=== What you should do ===
Exactly as written, reproduce the lines from the beginning of the data through the line containing "Toward An Anthropological Theory of Value"; the pictures are not reproduced.

=== Available data ===
#####

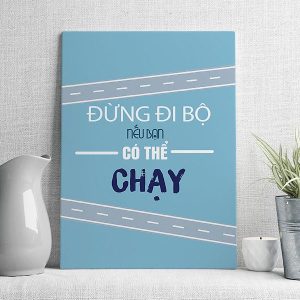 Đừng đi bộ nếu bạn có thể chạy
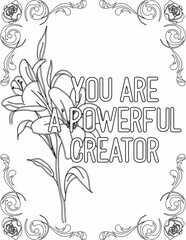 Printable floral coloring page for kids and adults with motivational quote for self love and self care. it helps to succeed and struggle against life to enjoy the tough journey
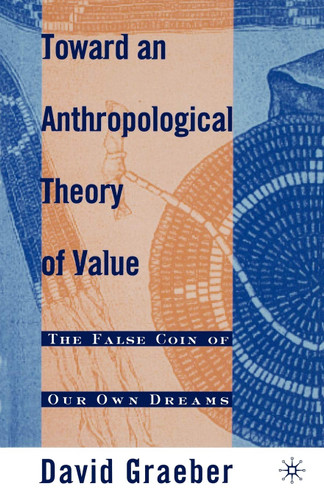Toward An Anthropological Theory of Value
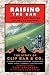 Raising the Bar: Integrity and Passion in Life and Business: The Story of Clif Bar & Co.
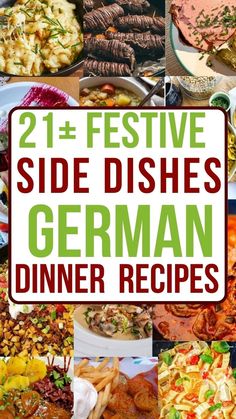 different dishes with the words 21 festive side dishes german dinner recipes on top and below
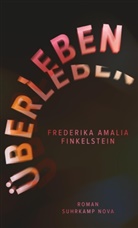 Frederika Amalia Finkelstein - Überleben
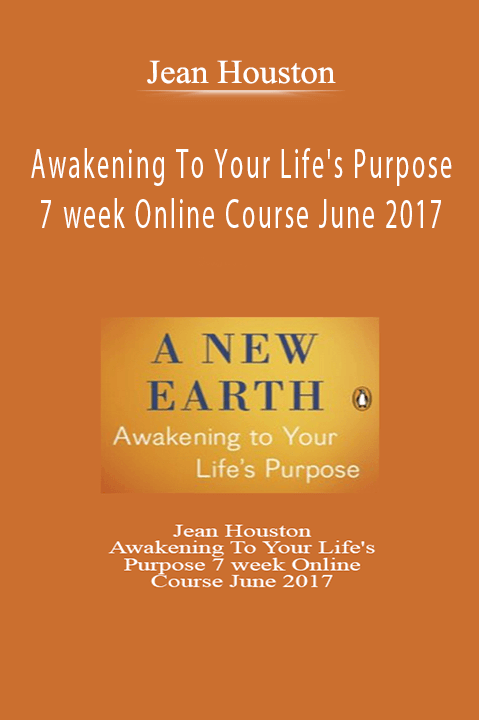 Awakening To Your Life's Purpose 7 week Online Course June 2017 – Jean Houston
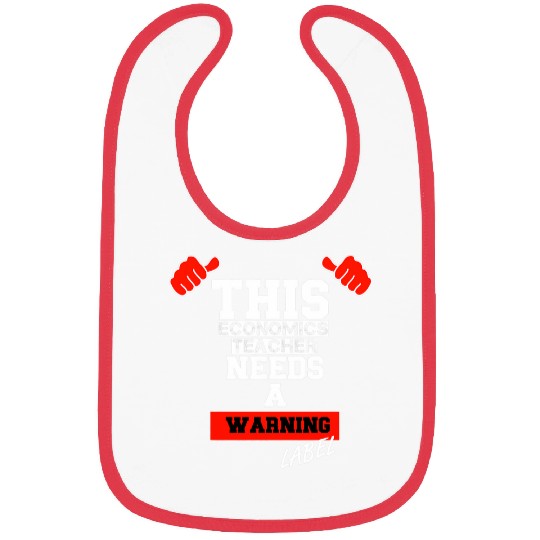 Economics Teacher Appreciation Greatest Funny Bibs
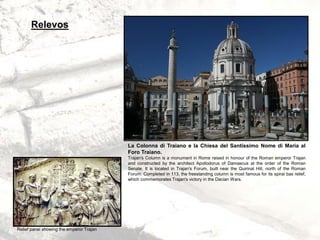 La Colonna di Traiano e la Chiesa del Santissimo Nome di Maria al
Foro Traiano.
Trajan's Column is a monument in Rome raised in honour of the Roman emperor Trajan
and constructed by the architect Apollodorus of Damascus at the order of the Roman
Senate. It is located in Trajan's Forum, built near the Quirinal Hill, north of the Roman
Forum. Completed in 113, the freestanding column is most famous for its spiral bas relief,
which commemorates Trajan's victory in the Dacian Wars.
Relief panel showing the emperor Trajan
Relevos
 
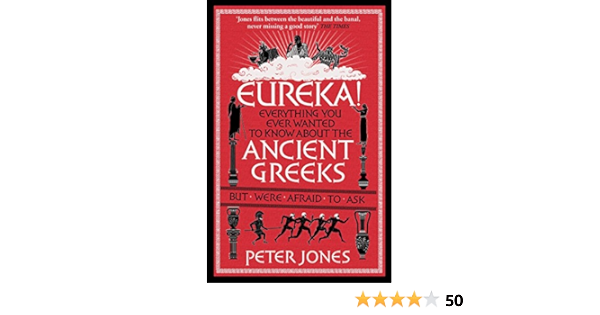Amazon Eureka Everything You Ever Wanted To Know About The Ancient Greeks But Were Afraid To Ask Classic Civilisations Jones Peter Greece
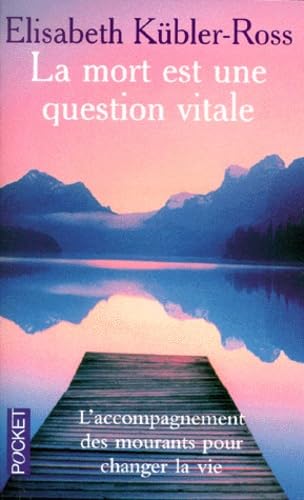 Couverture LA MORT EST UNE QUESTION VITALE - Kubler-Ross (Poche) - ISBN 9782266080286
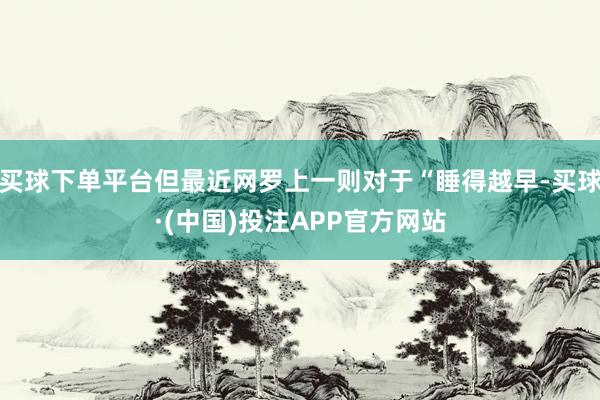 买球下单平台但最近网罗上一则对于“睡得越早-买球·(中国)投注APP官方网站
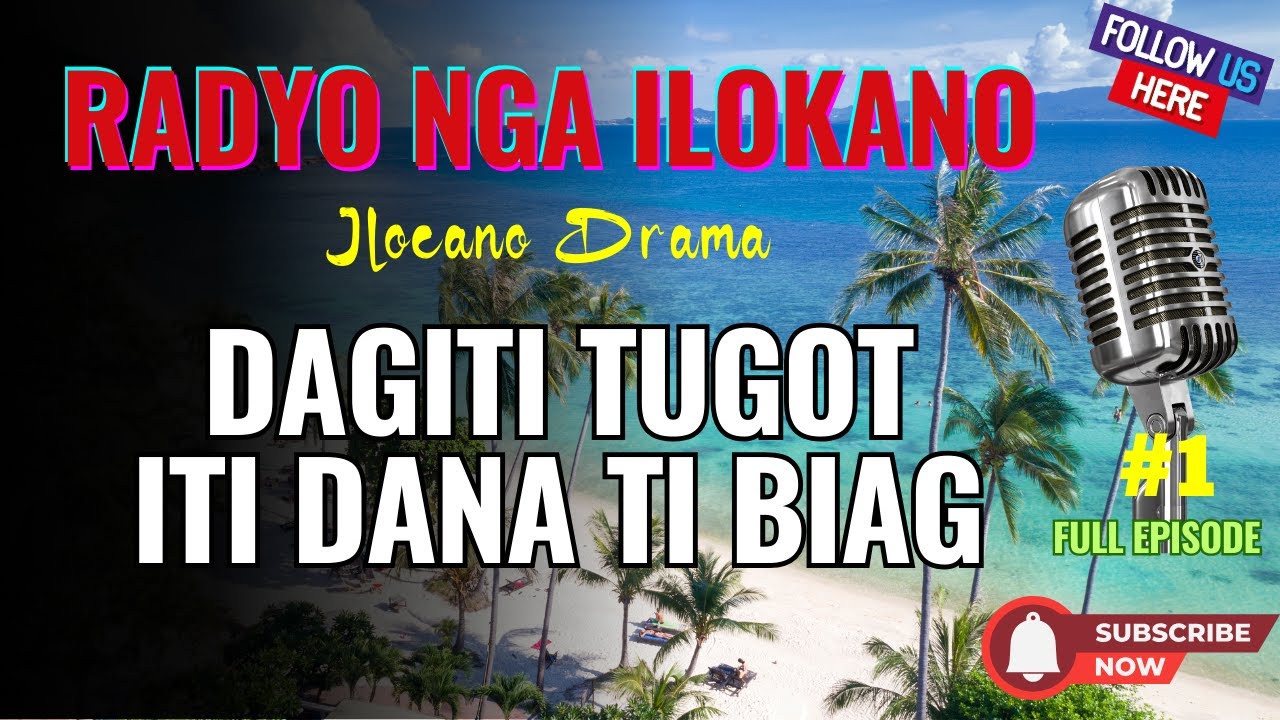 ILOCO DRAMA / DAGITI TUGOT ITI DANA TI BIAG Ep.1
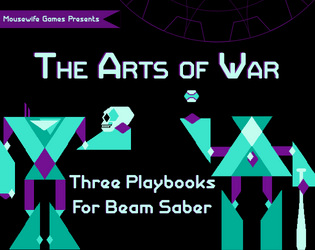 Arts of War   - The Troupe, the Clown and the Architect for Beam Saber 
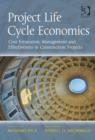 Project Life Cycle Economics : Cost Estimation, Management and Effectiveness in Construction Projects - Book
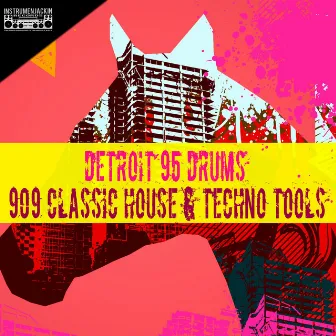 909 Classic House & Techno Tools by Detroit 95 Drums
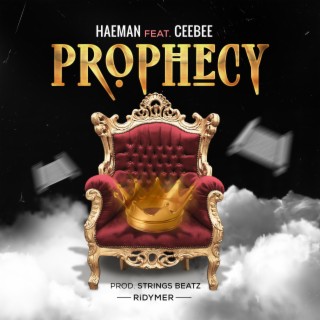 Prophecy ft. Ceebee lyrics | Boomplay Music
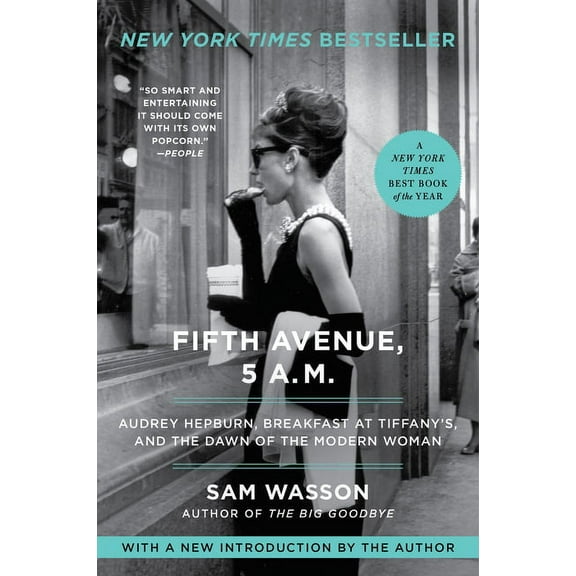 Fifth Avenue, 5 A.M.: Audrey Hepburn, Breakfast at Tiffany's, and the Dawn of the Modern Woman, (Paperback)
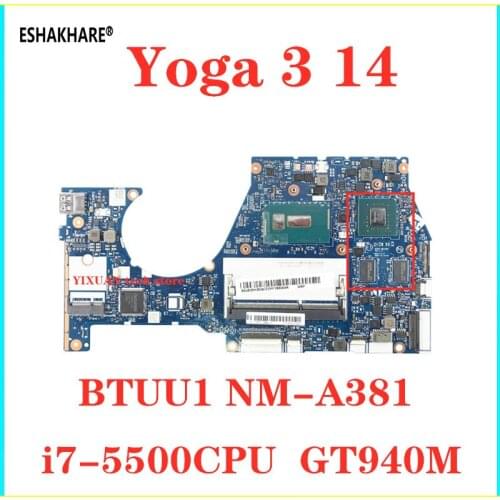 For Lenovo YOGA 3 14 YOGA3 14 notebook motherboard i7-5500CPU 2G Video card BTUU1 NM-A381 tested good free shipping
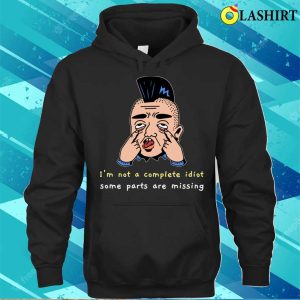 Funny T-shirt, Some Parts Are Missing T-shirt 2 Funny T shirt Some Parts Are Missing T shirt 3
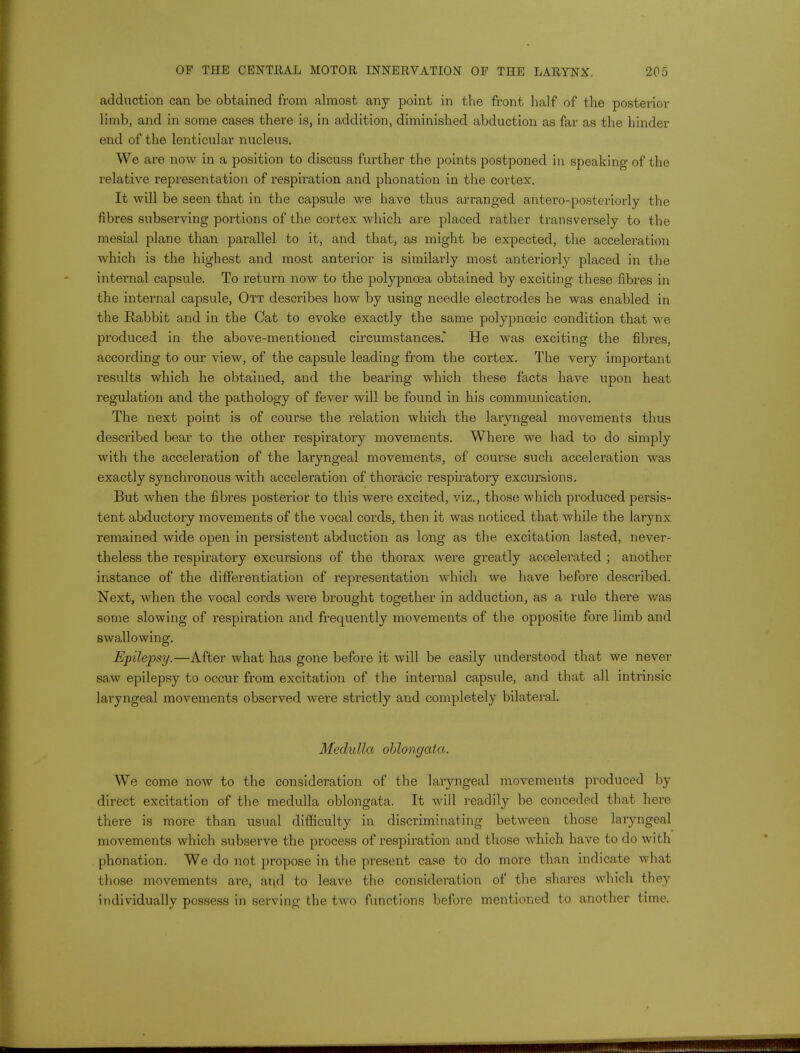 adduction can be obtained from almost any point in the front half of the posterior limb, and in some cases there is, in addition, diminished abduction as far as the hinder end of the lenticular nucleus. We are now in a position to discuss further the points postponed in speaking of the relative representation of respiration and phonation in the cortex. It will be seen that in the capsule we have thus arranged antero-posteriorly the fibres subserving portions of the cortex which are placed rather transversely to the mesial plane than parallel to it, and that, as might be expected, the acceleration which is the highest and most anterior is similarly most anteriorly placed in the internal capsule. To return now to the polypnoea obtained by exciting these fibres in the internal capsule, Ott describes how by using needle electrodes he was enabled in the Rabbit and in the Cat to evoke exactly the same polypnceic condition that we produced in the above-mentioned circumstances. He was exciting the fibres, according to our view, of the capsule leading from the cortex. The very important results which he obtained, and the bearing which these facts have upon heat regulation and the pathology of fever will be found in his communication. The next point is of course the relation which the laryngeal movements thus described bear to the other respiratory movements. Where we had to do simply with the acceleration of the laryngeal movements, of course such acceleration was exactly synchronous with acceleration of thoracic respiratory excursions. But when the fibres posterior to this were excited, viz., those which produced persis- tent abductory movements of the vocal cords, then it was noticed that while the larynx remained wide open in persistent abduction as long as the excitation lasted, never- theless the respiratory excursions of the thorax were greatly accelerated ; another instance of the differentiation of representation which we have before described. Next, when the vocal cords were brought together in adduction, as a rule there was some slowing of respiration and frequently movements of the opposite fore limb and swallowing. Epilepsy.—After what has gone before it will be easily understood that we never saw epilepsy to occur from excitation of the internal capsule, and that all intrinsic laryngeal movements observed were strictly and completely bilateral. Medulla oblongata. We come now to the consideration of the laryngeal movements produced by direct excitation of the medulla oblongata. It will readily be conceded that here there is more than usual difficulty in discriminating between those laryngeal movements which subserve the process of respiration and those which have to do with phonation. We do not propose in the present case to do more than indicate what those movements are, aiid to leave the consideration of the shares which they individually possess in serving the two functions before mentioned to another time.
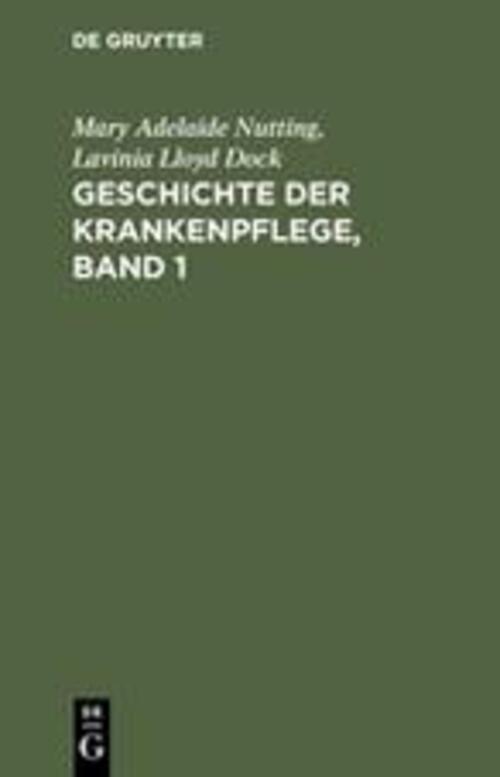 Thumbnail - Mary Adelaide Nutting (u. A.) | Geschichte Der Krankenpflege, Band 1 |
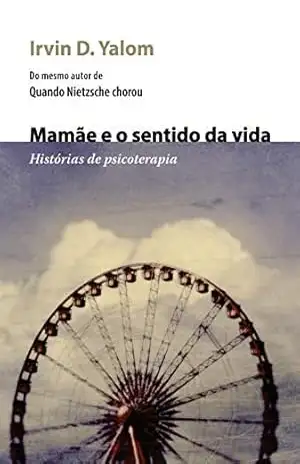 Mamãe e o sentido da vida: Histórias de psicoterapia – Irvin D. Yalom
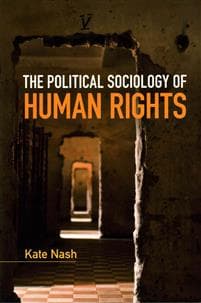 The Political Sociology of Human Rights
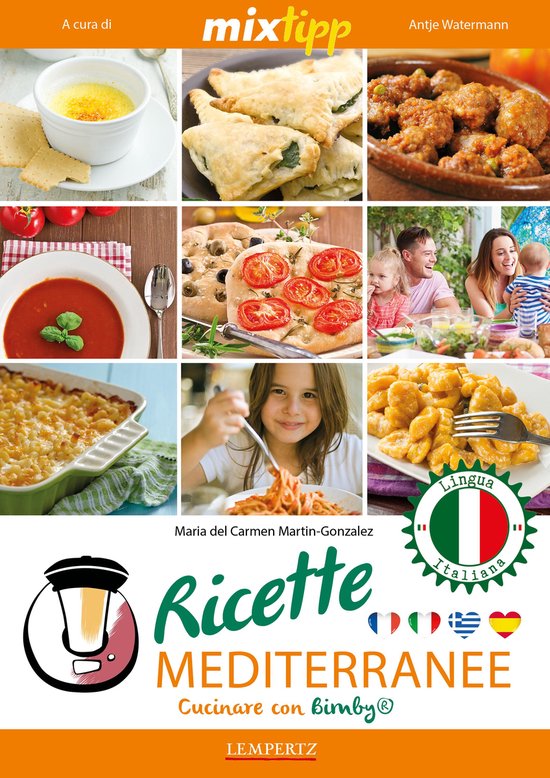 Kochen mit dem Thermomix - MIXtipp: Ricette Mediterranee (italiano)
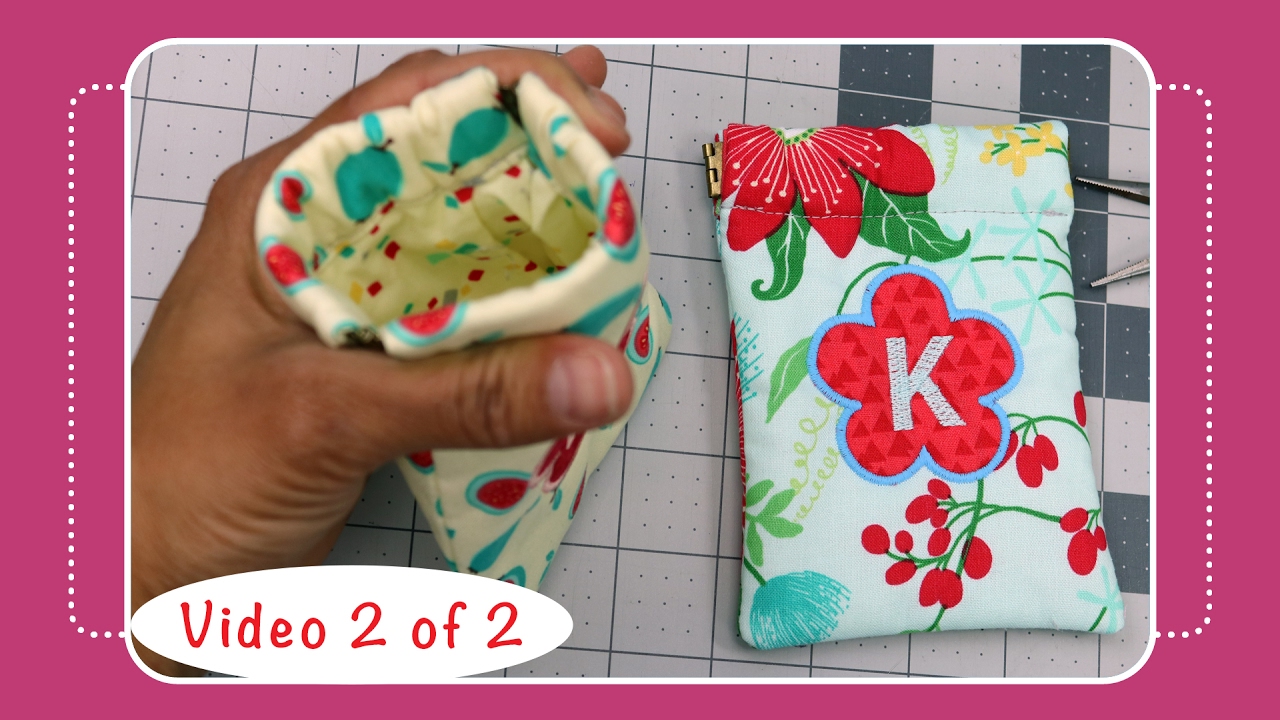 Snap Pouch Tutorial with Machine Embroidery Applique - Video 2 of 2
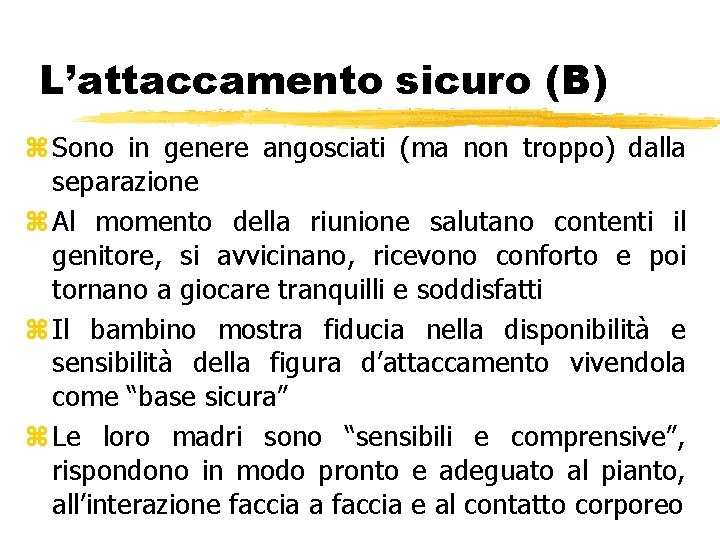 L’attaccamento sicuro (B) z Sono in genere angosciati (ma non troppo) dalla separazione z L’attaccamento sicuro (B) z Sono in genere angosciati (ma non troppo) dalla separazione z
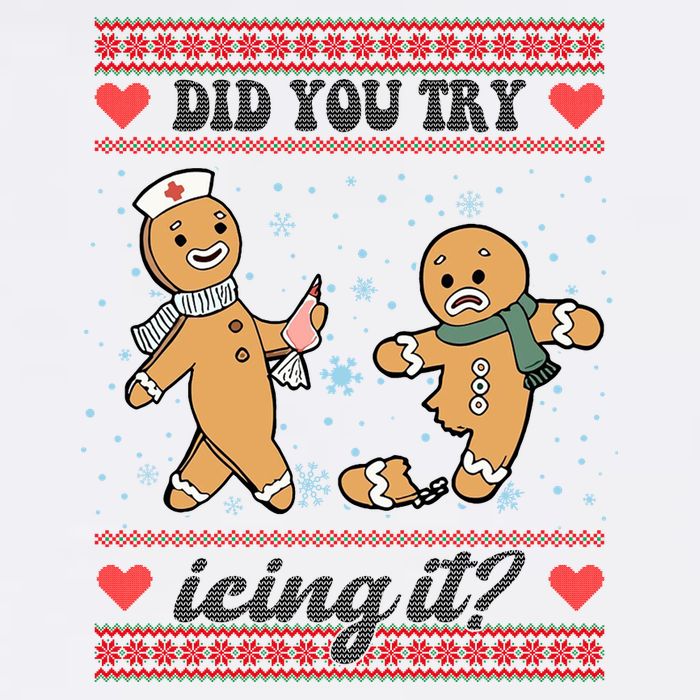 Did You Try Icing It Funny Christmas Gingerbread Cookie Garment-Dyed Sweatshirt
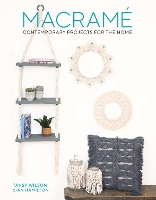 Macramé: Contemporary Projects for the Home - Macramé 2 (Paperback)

#####

=== Result for this exercise ===
 Đừng đi bộ nếu bạn có thể chạy
 Printable floral coloring page for kids and adults with motivational quote for self love and self care. it helps to succeed and struggle against life to enjoy the tough journey
Toward An Anthropological Theory of Value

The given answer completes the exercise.